サッカーは運動なんです。センスだけで勝てるはずがない。やっぱり動かないと、足を使わないと。これは、卓球、バスケットボール、それに野球などにも当てはまります」

──サッカーの場合、ボールに食らいつく動作がなければ試合に勝てません。上手さと泥臭さ、これらが合わさって初めてチームは出来上がるということでしょうか?

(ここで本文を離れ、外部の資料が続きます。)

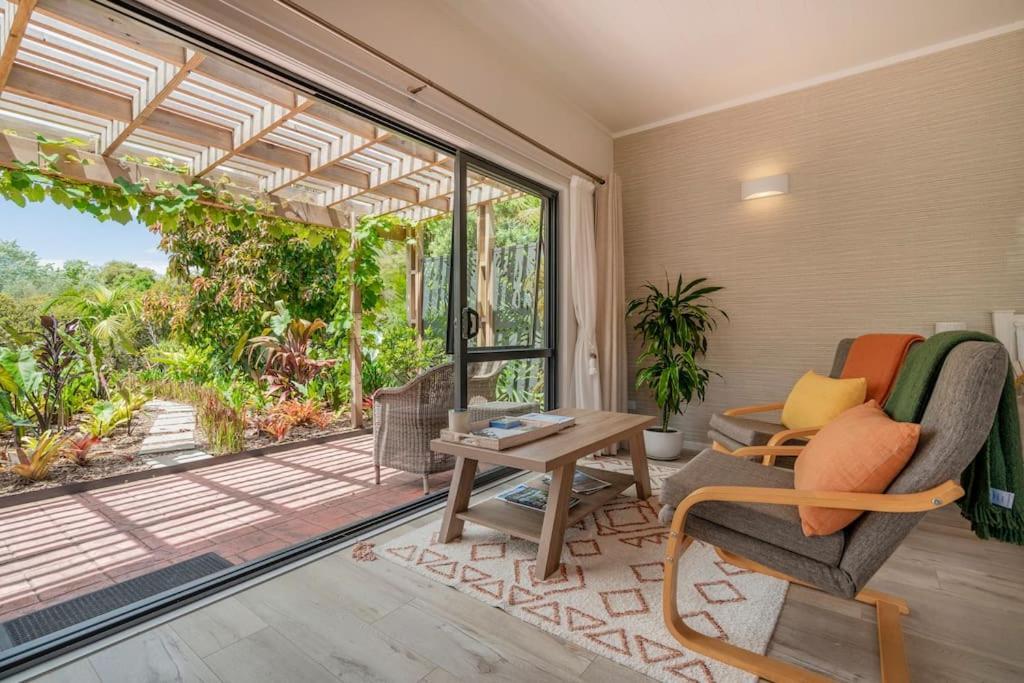 Ferienwohnung On The Point Whitianga Exterior foto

「戦う姿勢ですよね。例えば、守備の局面ではボールを奪うという圧を相手にかけるのが大事。いざ競り合いになったらグッとボールを刈り取る球際の強さも必要です。それらを身に付けるうえで結果的に役立ったのが、3対3や4対4の練習でした。選手たちは、狭いエリアの中で常に1対1になるような状況を強いられるわけですから、自然と戦う姿勢を養うことができました。

狭いと言えば、帝京の練習グラウンドはシュート練習にも適していました。狭いからシュートを外しても、塀なんかに当たってボールが戻ってくる。反復練習にはもってこいの環境で、帝京の強さの秘訣は〝合理的なグラウンド“にあったのかもしれません」
 
──帝京の球際の強さが光ったのが、三羽烏(長谷川健太、大榎克己、堀池巧)擁する最強・清水東(静岡)との一戦。前田治選手の決勝弾で制した第62回の選手権決勝(1984年1月8日)でした。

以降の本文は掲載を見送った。